Kira Lerner at Think Progress took note last week of Voter Suppression Battles to Watch in 2016. Among these, voter ID will be high on the list. The Brennan Center for Justice, which extensively covers voter suppression issues, reported up to May 3, 2015, lawmakers in 33 states had introduced 113 bills that to limit access to registration and voting. During the same period, at least 464 bills that would enhance access to voting were introduced (or carried over) in 48 states and the District of Columbia. Lerner writes:
Wisconsin currently has one of the strictest voter ID laws in the country and requires voters to present a photo ID card. Last week, two Republican lawmakers in Wisconsin began circulating a proposal to prohibit county and town governments from issuing or spending money on photo identification cards. The law would also prohibit IDs issued by cities or villages from being used to vote. Voting advocates say the proposal directly targets a plan recently approved by Milwaukee officials to issue local identification cards to the homeless, undocumented immigrants, and other residents unable to obtain state driver’s licenses or other government-issued ID cards.
• Judges says North Carolina voter ID law in effect for March primary: U.S. District Judge Thomas D. Schroeder turned down the North Carolina NAACP’s request for a preliminary injunction. He said the organization had not proved its claim that requiring a photo ID to cast a ballot would place an undue burden on blacks and Latinos. A trial date on the merits of the case will begin Jan. 25. The plaintiffs are given short odds that they will prevail at trial:
The legal wrangling over the photo ID requirement started in 2013. Republican state legislators included the photo ID requirement as part of sweeping and controversial changes they were pushing in the state’s election law. Republican Gov. Pat McCrory signed the legislation on Aug. 12, 2013. The legislation was pushed through soon after the U.S. Supreme Court issued a decision that got rid of a key section of the federal Voting Rights Act of 1965 that required certain communities and states, including in North Carolina, to get federal approval for any changes in election procedures. [...]

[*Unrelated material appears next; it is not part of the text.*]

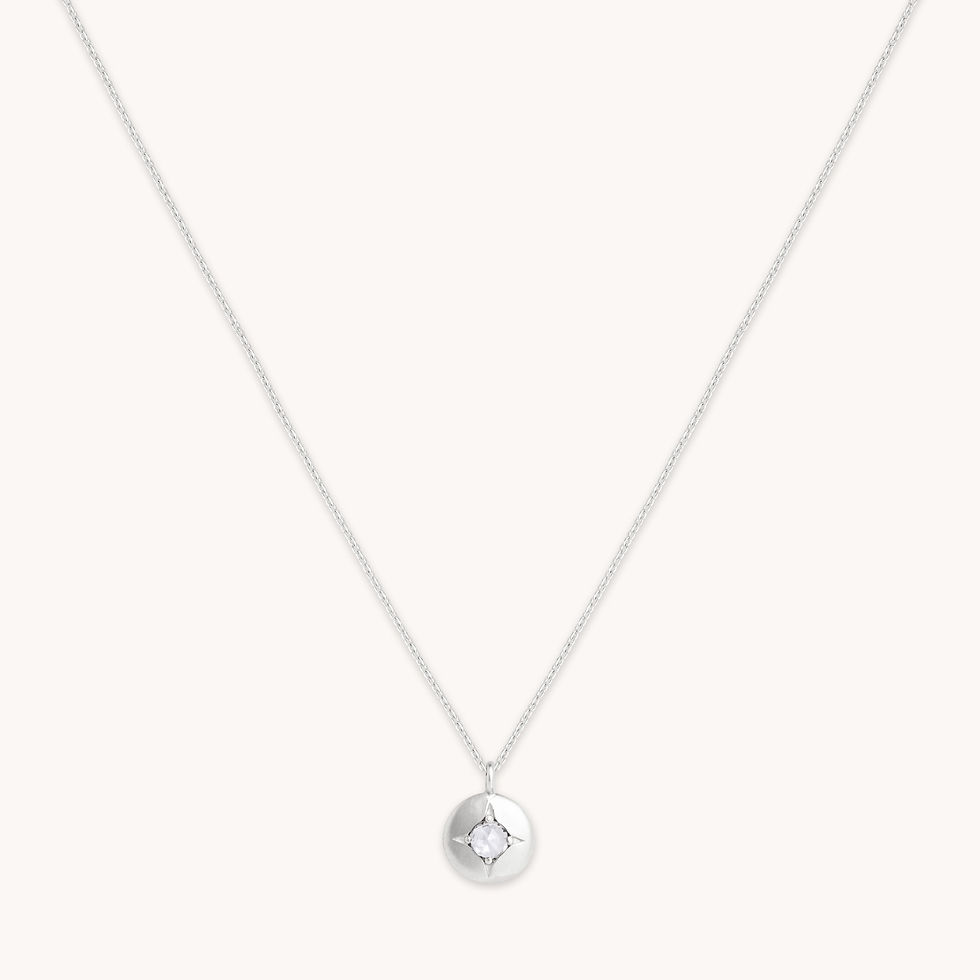 Miniatura: April White Topaz - April White Topaz Birthstone Necklace in Solid White Gold - Pendant Necklace - Astrid &amp; Miyu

North Carolina’s law, considered by civil rights activists to be the most sweeping and restrictive in the country, either eliminated or reduced voting reforms that were used disproportionately by blacks and Hispanics. The law eliminated same-day voter registration, reduced the days of early voting from 17 to 10, and got rid of out-of-precinct voting. The law also did away with preregistration for 16- and 17-year-olds. The state NAACP, the U.S. Department of Justice and others charged that the law was discriminatory and unconstitutional and that it violated Section 2 of the Voting Rights Act.
A key reason for the judge’s decision was that state legislators made a change to the law allowing voters without ID to sign a “reasonable impediment declaration” and then cast a provisional ballot. You can read Schroeder’s 54-page opinion here.
• ACLU, Missouri NAACP say Ferguson school board election system dilutes voting power of blacks: The two groups filed suit in federal court on Jan. 11. Although 77 percent of the students in the Ferguson-Florissant School District are black, one member of the seven-member school board is black. Julie Ebenstein with the ACLU Voting Rights Project, who is arguing the case, told Alice Ollstein at ThinkProgress that she’ll talk in court about the Ferguson area’s history of voters suppression, economic inequality and racial polarization have led to inadequate representation of African Americans on the board:
“This is about allowing all residents to have a say in the education of their children,” she said. “Over the past few years we’ve seen a number of decisions from the school board that don’t represent the will of the African American community. We see racial disparities in the use of school discipline, a large achievement gap in the progress of white and black students, students of color being less able to attend college. There was also a lot of publicity when the all-white school board suspended the first ever African American superintendent in 2013. Residents are still reeling from that.”